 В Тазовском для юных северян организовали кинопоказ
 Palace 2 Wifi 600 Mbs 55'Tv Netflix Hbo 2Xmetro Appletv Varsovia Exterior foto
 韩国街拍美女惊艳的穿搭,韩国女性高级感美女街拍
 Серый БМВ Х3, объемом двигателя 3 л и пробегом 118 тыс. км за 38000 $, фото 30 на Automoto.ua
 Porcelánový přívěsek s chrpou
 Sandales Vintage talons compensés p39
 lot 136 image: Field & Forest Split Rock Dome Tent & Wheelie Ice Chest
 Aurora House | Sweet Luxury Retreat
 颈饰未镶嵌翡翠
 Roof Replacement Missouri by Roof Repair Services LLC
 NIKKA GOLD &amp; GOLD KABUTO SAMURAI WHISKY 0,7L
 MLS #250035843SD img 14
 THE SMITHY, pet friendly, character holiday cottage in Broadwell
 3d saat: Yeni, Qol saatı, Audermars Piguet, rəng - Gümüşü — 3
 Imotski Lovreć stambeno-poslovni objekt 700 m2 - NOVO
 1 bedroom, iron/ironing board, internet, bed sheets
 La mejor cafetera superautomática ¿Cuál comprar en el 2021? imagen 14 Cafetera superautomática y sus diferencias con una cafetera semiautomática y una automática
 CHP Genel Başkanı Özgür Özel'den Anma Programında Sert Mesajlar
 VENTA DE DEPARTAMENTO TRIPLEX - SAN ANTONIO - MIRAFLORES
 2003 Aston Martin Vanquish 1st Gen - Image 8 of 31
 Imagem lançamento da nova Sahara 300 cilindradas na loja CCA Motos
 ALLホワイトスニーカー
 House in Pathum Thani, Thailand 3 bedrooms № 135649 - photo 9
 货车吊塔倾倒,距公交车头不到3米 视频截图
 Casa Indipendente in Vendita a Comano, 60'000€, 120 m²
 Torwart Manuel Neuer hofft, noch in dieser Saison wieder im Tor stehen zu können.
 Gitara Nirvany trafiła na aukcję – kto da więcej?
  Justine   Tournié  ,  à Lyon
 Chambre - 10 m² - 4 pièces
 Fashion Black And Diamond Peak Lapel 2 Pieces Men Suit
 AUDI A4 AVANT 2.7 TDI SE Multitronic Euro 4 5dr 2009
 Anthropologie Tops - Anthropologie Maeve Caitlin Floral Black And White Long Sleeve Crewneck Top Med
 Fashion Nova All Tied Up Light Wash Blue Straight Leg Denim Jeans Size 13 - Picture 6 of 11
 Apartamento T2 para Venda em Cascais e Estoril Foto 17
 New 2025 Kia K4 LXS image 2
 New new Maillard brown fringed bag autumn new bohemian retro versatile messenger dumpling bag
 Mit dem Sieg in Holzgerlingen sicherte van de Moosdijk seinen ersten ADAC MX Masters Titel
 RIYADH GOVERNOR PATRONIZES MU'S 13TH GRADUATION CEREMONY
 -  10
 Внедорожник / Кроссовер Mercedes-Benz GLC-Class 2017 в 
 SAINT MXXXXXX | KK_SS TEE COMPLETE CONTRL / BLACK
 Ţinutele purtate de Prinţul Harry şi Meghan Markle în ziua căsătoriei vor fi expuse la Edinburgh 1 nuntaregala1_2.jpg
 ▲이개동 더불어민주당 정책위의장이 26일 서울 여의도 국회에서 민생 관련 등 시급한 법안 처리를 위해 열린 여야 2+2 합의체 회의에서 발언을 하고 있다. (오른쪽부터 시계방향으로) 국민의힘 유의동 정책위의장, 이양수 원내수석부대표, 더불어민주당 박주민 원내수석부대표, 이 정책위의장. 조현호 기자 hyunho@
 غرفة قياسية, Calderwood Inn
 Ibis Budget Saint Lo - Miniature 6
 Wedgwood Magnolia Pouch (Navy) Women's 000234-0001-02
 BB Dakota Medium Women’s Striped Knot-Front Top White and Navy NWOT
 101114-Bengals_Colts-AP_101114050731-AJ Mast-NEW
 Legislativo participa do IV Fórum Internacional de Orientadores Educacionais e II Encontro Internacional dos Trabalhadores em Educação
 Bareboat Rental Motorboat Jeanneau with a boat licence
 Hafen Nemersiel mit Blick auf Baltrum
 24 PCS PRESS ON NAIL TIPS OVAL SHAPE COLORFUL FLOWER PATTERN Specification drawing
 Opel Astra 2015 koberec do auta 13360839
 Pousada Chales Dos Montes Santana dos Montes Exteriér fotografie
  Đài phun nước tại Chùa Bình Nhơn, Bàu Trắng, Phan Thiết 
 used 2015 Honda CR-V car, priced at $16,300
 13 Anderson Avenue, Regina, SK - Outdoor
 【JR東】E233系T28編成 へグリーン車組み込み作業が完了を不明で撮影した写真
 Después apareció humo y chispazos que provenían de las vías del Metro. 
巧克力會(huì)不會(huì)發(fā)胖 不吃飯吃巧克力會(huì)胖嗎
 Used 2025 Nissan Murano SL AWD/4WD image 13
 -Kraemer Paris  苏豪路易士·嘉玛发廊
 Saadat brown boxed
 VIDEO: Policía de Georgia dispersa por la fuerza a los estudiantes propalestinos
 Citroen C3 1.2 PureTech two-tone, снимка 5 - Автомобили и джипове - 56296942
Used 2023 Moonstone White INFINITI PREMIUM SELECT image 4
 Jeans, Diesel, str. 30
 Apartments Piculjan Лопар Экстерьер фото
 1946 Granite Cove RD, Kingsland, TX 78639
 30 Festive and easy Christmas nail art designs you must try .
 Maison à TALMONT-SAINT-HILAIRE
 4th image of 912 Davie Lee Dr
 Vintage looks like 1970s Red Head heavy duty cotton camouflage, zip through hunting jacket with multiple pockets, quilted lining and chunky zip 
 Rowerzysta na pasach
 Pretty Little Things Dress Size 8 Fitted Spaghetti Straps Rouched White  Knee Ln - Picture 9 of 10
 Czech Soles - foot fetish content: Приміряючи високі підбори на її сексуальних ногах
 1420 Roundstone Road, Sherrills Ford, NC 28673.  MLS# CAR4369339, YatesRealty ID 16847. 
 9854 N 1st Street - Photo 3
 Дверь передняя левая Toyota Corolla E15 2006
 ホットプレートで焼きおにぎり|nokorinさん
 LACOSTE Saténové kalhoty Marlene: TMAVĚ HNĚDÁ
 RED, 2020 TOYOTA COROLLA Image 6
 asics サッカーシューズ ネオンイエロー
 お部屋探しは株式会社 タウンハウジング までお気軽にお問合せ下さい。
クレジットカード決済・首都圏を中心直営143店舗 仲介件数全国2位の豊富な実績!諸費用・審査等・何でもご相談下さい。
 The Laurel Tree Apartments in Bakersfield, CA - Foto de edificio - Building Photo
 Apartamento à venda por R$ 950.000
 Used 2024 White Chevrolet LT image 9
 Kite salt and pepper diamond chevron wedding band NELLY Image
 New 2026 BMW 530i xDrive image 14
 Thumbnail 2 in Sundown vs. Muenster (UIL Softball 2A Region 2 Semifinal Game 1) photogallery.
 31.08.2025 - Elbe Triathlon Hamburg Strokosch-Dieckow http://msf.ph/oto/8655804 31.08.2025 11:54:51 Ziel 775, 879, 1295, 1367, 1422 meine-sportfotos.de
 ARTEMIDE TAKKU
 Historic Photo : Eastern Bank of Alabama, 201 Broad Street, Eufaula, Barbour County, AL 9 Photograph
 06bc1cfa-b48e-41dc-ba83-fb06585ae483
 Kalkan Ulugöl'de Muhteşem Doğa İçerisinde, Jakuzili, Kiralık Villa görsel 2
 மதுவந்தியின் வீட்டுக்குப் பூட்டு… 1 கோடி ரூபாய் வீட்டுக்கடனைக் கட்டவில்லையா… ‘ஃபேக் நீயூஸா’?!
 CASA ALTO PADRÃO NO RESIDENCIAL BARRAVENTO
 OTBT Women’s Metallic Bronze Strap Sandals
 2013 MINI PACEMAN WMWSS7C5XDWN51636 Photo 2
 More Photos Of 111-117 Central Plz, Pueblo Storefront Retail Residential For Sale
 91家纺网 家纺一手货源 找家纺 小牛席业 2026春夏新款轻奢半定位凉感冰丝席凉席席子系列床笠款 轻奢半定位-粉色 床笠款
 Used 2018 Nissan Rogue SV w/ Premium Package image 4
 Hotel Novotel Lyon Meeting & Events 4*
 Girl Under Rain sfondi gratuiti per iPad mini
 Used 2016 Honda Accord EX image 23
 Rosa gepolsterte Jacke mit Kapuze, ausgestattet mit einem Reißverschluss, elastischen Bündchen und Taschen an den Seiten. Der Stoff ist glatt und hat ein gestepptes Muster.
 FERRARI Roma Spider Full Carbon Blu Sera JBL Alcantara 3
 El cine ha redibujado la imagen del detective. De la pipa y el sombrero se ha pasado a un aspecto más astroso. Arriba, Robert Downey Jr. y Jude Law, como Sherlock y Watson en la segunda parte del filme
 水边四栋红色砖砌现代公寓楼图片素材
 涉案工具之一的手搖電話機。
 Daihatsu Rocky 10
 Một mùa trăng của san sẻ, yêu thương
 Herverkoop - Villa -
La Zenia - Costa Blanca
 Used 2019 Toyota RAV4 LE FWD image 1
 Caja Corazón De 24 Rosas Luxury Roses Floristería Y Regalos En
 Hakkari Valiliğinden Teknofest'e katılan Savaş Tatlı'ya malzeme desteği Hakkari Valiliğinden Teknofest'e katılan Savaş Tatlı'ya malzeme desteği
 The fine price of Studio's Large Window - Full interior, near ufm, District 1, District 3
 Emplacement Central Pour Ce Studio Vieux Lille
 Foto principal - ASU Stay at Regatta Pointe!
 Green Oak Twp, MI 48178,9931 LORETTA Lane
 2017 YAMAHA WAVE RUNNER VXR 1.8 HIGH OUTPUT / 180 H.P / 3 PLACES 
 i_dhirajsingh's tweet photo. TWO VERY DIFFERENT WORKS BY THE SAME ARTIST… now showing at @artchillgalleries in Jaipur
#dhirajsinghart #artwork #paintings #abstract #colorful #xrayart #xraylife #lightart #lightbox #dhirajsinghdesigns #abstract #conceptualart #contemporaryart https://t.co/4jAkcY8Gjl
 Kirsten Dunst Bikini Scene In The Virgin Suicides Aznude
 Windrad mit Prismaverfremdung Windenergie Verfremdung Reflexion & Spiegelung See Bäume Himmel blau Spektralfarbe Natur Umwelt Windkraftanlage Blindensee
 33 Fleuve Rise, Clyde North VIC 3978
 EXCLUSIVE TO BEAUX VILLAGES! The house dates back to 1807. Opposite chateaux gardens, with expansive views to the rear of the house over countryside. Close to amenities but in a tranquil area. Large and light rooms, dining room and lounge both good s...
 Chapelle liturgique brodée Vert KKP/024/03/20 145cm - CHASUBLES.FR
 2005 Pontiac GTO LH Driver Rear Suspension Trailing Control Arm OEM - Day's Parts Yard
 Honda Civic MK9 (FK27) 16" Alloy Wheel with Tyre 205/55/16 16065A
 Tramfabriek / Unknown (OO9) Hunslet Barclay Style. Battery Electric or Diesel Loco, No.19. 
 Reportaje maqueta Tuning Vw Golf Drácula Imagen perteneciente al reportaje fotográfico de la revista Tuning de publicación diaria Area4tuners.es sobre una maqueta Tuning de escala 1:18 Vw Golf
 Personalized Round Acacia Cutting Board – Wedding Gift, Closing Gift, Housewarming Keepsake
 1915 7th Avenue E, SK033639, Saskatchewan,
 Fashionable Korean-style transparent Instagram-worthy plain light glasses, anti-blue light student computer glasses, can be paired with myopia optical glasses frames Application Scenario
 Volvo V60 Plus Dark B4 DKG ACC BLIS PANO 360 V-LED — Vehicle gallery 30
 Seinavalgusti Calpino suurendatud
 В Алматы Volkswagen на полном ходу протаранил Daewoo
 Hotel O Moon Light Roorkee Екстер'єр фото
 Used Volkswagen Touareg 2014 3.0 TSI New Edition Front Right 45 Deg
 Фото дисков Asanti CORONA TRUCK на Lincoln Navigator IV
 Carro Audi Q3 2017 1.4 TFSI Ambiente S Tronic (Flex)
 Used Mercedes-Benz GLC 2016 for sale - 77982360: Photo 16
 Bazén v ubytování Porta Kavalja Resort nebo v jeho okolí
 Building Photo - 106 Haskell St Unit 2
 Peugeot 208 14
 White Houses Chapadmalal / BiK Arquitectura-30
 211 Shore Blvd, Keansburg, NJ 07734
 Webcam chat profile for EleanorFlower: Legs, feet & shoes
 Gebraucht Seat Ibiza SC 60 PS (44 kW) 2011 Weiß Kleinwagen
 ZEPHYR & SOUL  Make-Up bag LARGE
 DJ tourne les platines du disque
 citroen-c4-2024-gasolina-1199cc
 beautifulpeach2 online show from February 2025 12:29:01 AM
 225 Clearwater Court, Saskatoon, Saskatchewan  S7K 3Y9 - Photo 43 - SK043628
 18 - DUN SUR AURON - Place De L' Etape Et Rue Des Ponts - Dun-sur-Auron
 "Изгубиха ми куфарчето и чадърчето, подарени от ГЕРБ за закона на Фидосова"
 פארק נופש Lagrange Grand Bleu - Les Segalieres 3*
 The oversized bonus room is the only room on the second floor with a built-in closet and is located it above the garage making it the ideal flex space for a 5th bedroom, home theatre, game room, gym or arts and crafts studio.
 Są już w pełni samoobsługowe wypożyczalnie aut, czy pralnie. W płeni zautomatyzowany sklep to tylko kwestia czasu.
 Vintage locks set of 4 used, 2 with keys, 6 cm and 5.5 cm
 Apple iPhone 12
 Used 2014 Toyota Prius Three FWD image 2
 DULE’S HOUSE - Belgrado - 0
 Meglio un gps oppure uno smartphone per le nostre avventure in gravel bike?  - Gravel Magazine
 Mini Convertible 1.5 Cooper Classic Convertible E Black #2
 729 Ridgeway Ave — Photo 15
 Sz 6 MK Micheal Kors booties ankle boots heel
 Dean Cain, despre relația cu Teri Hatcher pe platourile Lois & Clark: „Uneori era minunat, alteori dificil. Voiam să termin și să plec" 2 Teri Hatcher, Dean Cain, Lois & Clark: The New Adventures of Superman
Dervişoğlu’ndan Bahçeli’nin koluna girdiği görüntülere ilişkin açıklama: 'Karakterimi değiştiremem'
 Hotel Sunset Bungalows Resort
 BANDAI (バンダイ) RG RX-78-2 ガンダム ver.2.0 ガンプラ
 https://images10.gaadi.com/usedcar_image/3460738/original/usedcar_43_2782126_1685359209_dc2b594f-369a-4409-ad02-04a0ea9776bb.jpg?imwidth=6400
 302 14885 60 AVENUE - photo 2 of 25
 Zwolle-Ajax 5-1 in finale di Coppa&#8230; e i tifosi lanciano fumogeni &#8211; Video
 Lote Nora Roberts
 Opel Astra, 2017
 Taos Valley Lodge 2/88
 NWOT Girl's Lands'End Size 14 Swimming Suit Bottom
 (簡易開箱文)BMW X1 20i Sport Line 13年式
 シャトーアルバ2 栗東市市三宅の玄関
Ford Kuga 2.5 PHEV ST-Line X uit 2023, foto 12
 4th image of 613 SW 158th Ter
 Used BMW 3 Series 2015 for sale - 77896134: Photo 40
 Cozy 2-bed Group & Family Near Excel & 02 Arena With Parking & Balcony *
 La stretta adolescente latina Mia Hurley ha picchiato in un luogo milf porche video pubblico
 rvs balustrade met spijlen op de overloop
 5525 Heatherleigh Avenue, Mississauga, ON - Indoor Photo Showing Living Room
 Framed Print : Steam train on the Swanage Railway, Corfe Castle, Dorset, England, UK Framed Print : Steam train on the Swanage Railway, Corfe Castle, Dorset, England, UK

▶ [Task item]
Taking the material above, extract exactly and only the lines from the line with "Apple iPhone 12" to the line with "Sz 6 MK Micheal", inclusive of both.

▶ [Result of this task]
 Apple iPhone 12
 Used 2014 Toyota Prius Three FWD image 2
 DULE’S HOUSE - Belgrado - 0
 Meglio un gps oppure uno smartphone per le nostre avventure in gravel bike?  - Gravel Magazine
 Mini Convertible 1.5 Cooper Classic Convertible E Black #2
 729 Ridgeway Ave — Photo 15
 Sz 6 MK Micheal Kors booties ankle boots heel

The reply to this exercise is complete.